BEGIN RECORDS FOR THE TASK
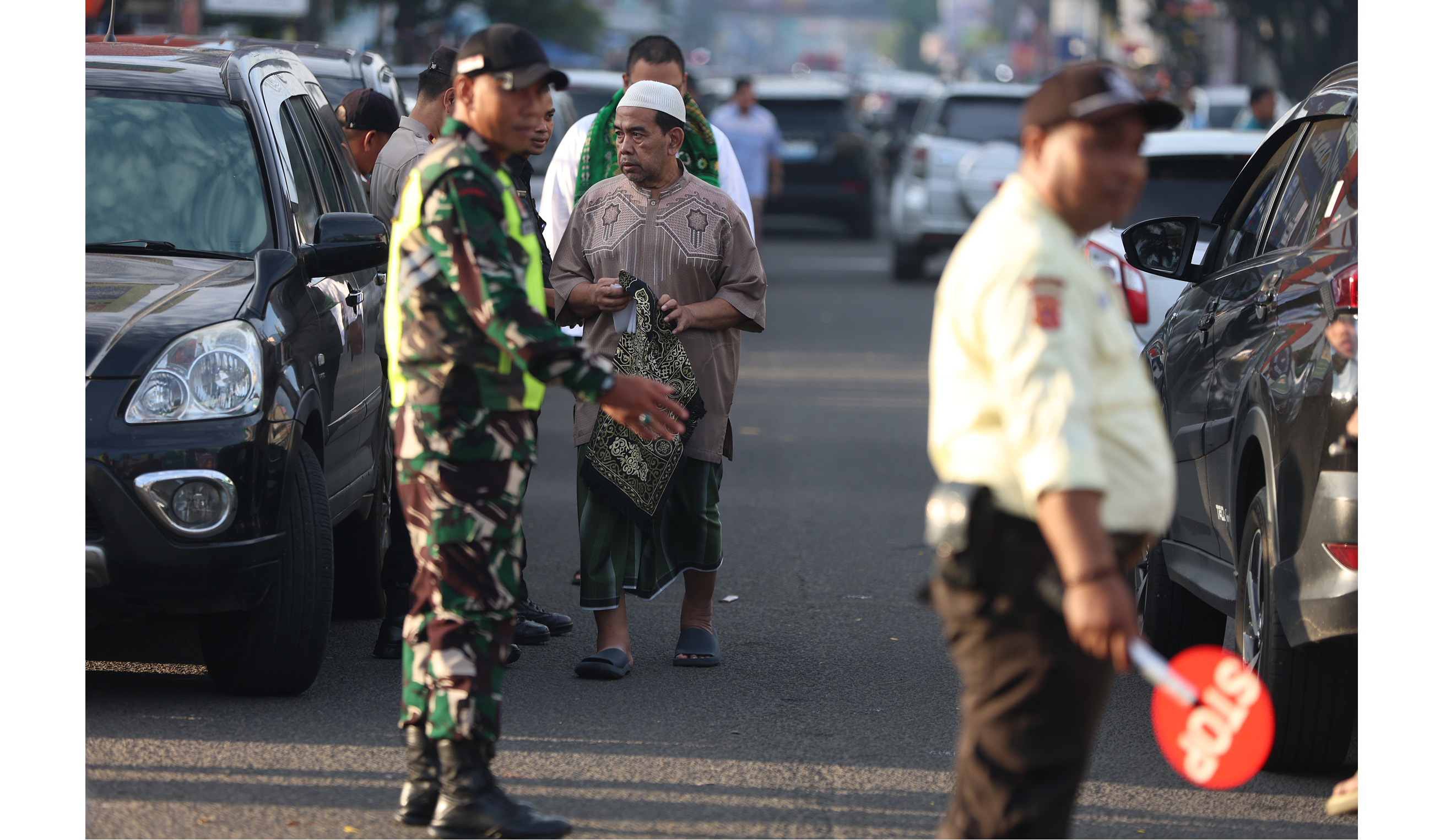 Suasana salat id jemaah Muhammdiyah Kota Bekasi. (Agus Priatna/SinPo.id)
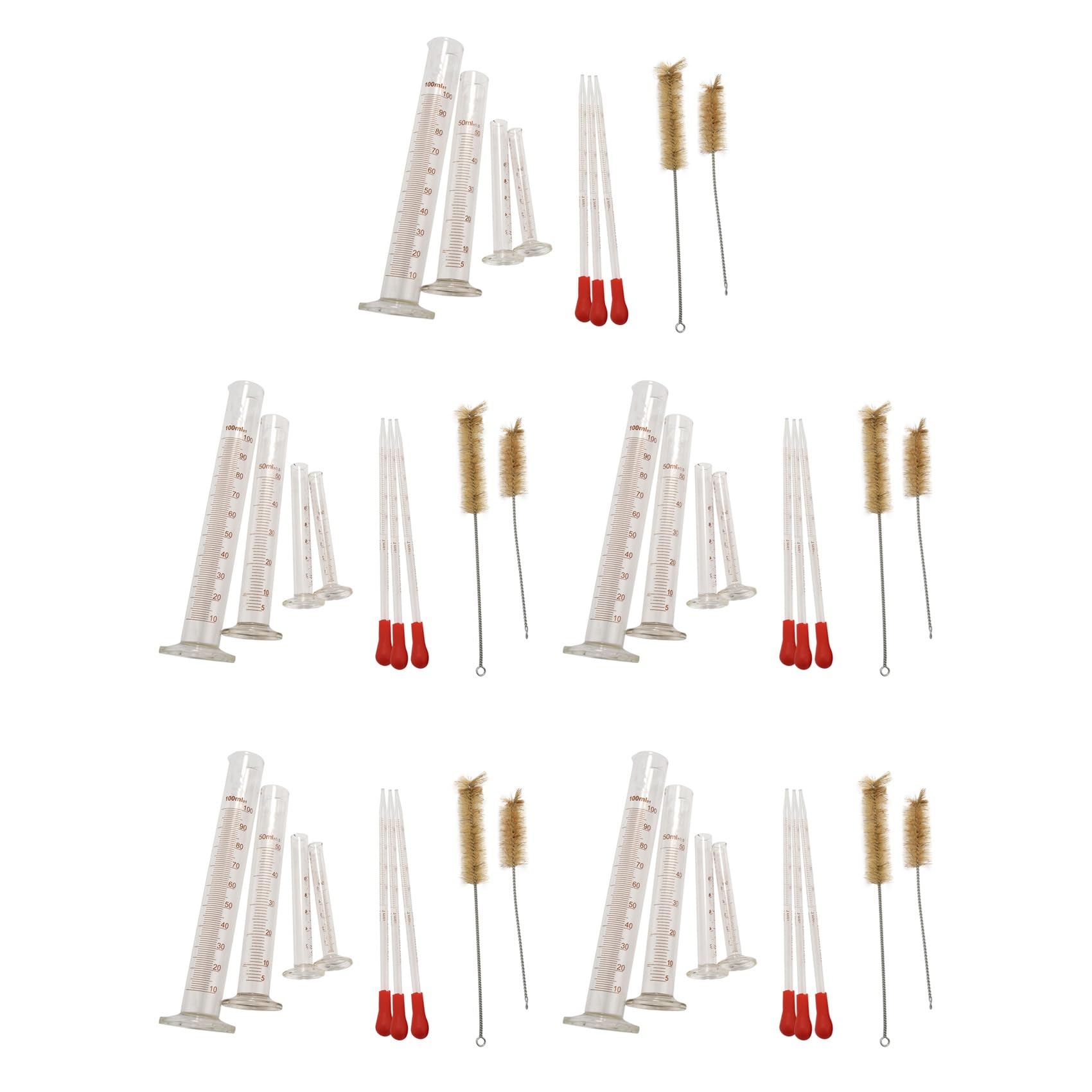 20 Cilindros de Medición - 5 Ml, 10 Ml, 50 Ml, 100 Ml - Vidrio Superior - Contiene 10 Cepillos de Limpieza + 15 Pipetas de Vidrio 1 Ml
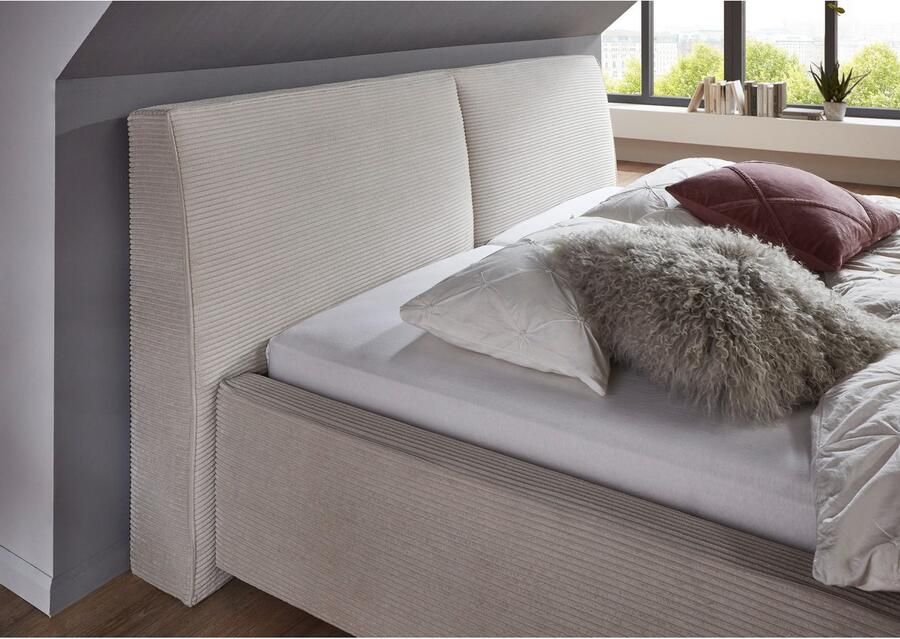 Meise EMOB Tweepersoonsbed Mitoma 160 x 200 cm Beigekleurig design Gestoffeerde tweepersoonsbedden Beige Stof Gestoffeerde tweepersoonsbedden Tweepersoons Normaal bed Op voorraad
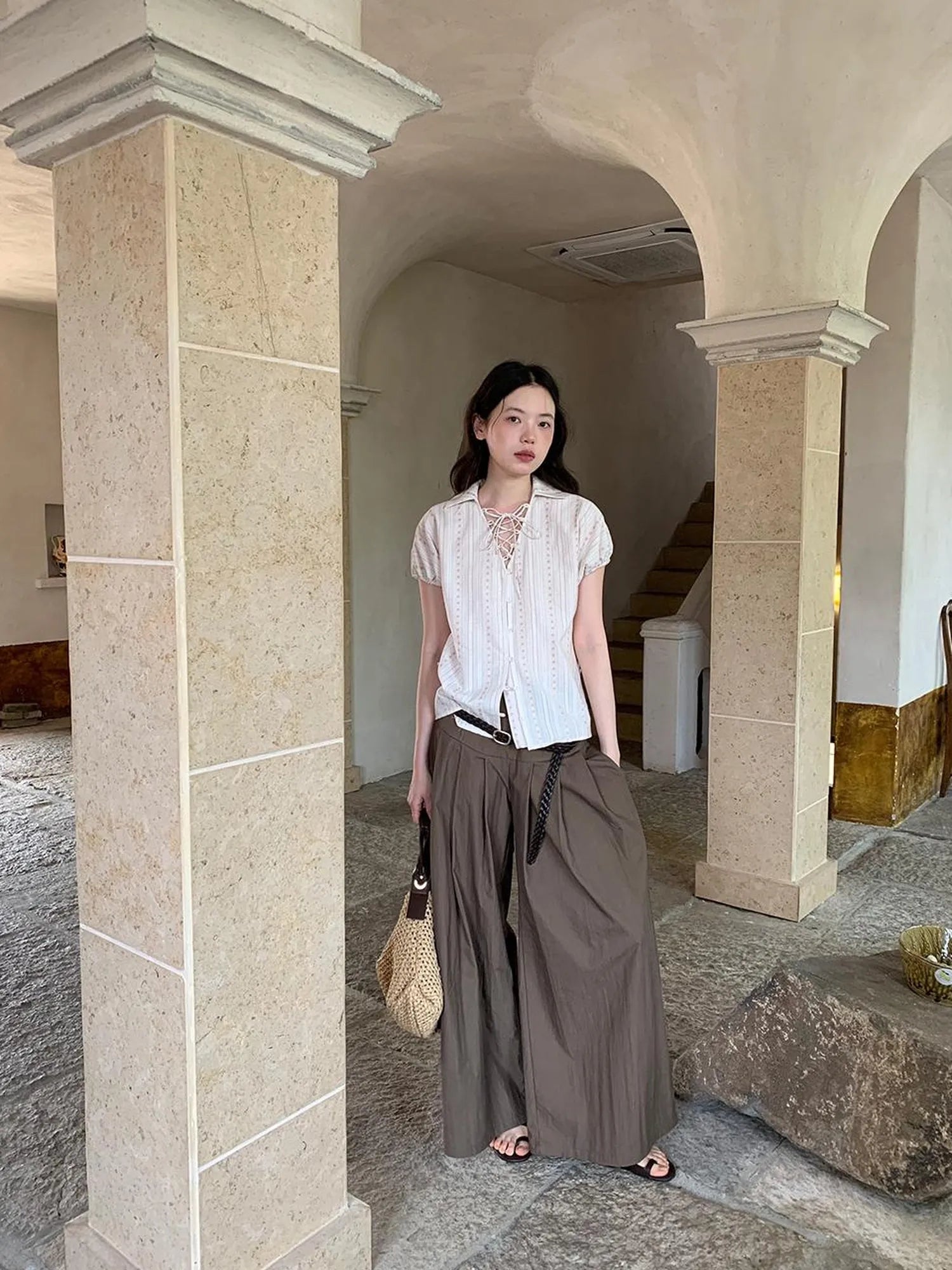 Crumpled Cotton Nylon Wide Leg Trousers With Bone Pleats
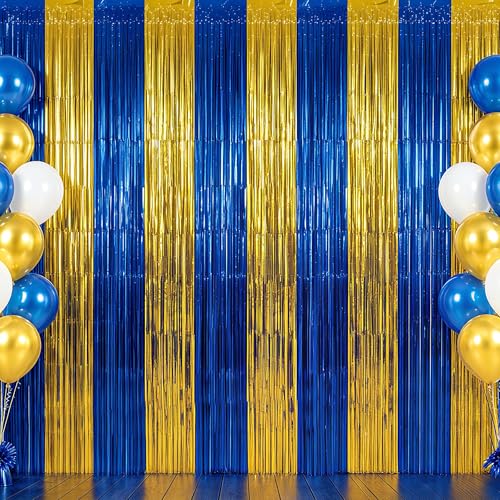 Image of TONIFUL Blue and Gold Fringe Backdrop Curtain 2026 Graduation Party 2Pcs 3.3 x 6.6ft Metallic Tinsel Foil Fringe Photo Booth Backdrop Door Streamers for 2026 Prom Birthday Retirement Party Decorations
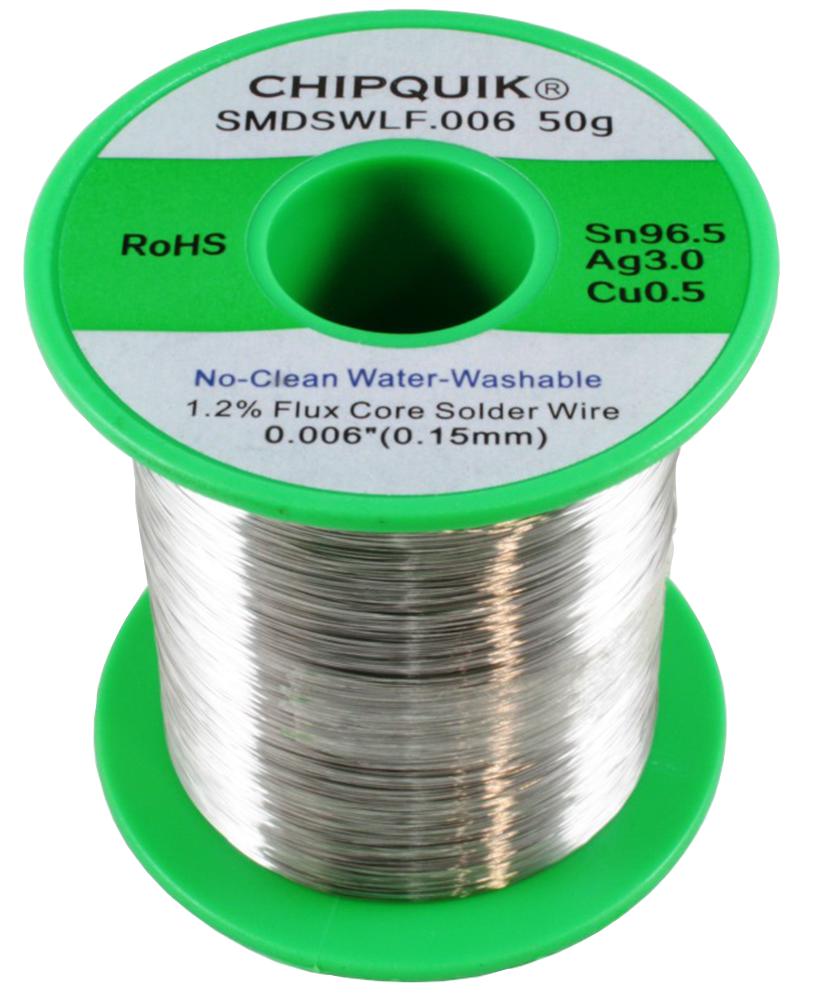 SMDSWLF.006 50G SOLDER WIRE, NO CLEAN, 220 DEG C, 0.15MM CHIP QUIK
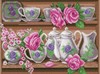 Picture of Collection D'Art Stamped Cross Stitch Kit 30x40cm-Rose Dinnerwear Set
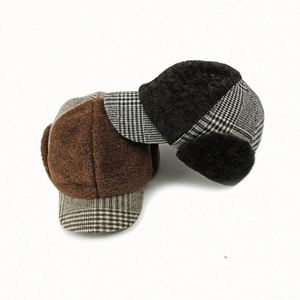 Casquette de baseball pour femme, nouvelle collection automne-hiver, avec protège-oreilles rembourrés, casquette chaude en peluche - Product Image 5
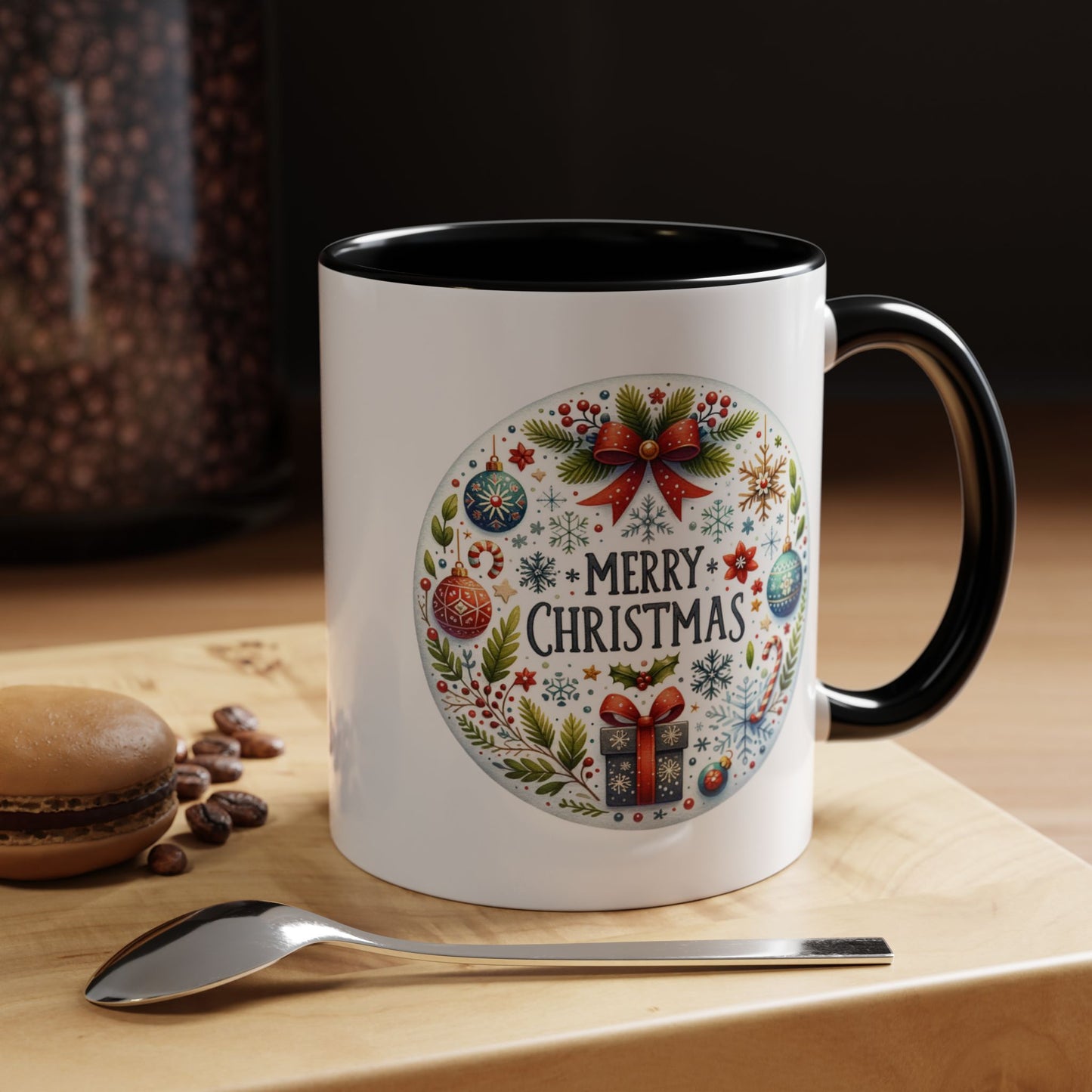 Christmas Mug - Merry Christmas Blue Text Bow Present Ornaments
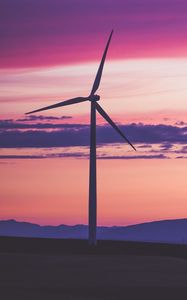 Preview wallpaper wind turbine, turbine, dusk, dark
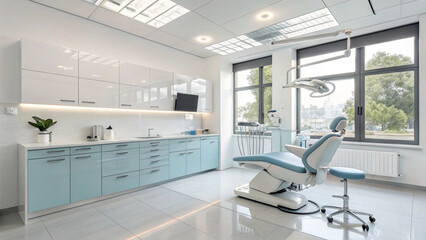 Modern Dental Office Interior Design Hyperrealistic Rendering of a Clean, Minimalist Space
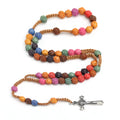 Hot Sale Colored Rose Beads Cross Necklace Catholic Rosary Jesus Christ Prayer Beads Religious Jewelry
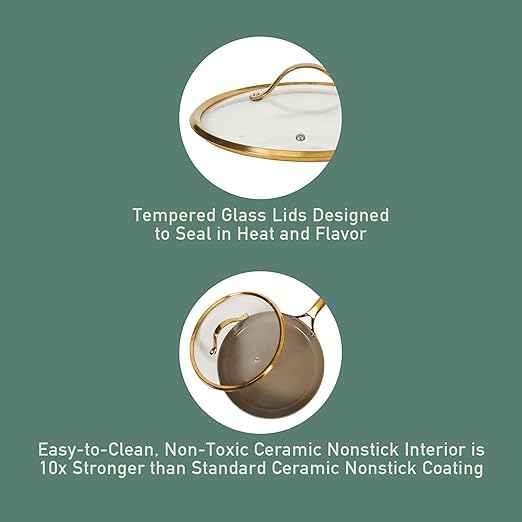 Bloomhouse - Two Time Oprah's Favorite Things Winner - 10 Inch Heavy Duty Aluminum Premium PFA Free Ceramic Nonstick Saute/Deep Frying Pan Skillet with Lid - Cappuccino Cream with Gold Handle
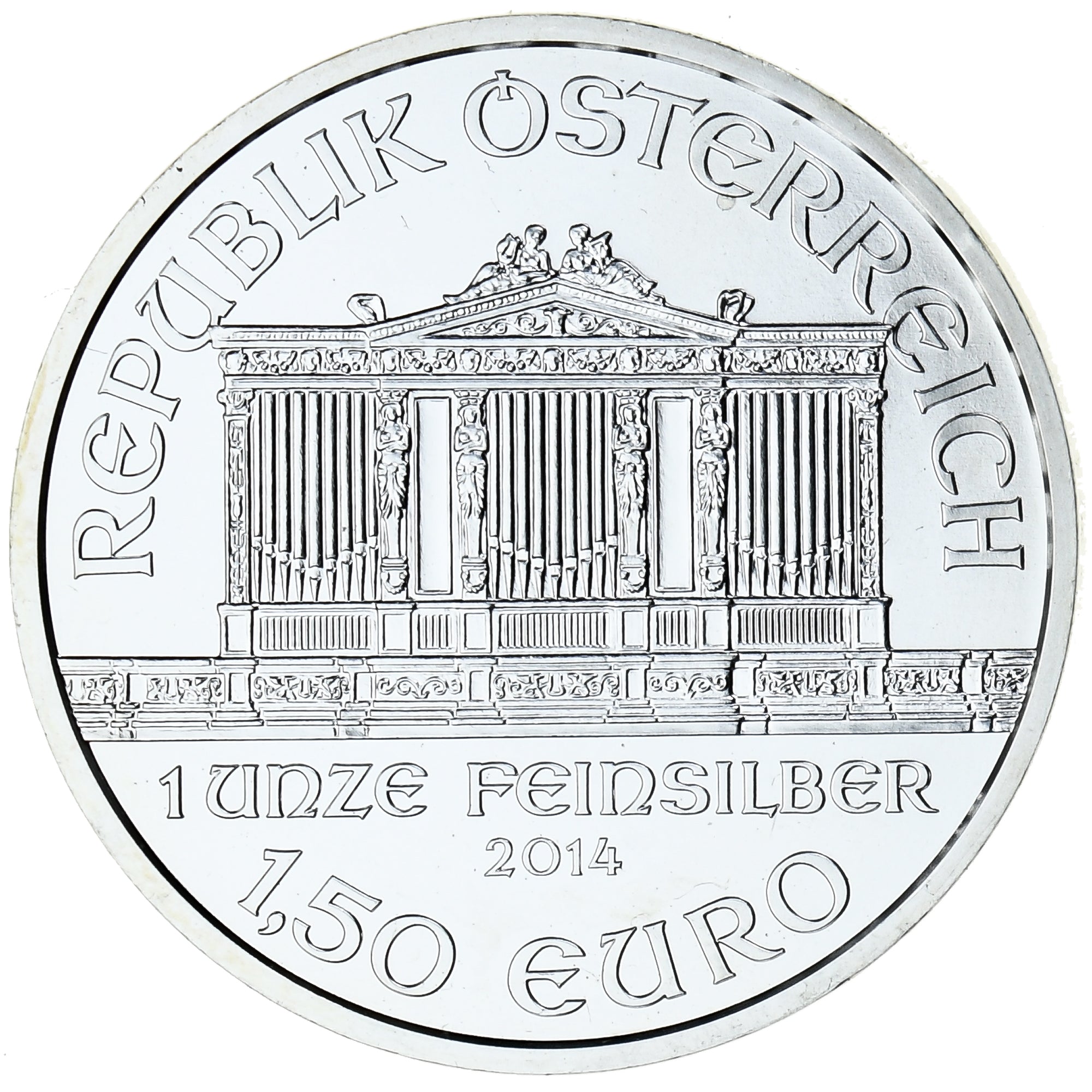 Autriche, 1-1/2 Euro / 1 Oz, Vienna Philharmonic, 2014, SPL+, Argent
END RECORDS FOR THE TASK
Restate, word for word, each line from the one with "Hot Sale Colored" to the end of the entries, both included, and keep every picture out.

RESPONSE TO THIS TASK →
 Hot Sale Colored Rose Beads Cross Necklace Catholic Rosary Jesus Christ Prayer Beads Religious Jewelry
 Bloomhouse - Two Time Oprah's Favorite Things Winner - 10 Inch Heavy Duty Aluminum Premium PFA Free Ceramic Nonstick Saute/Deep Frying Pan Skillet with Lid - Cappuccino Cream with Gold Handle
 Autriche, 1-1/2 Euro / 1 Oz, Vienna Philharmonic, 2014, SPL+, Argent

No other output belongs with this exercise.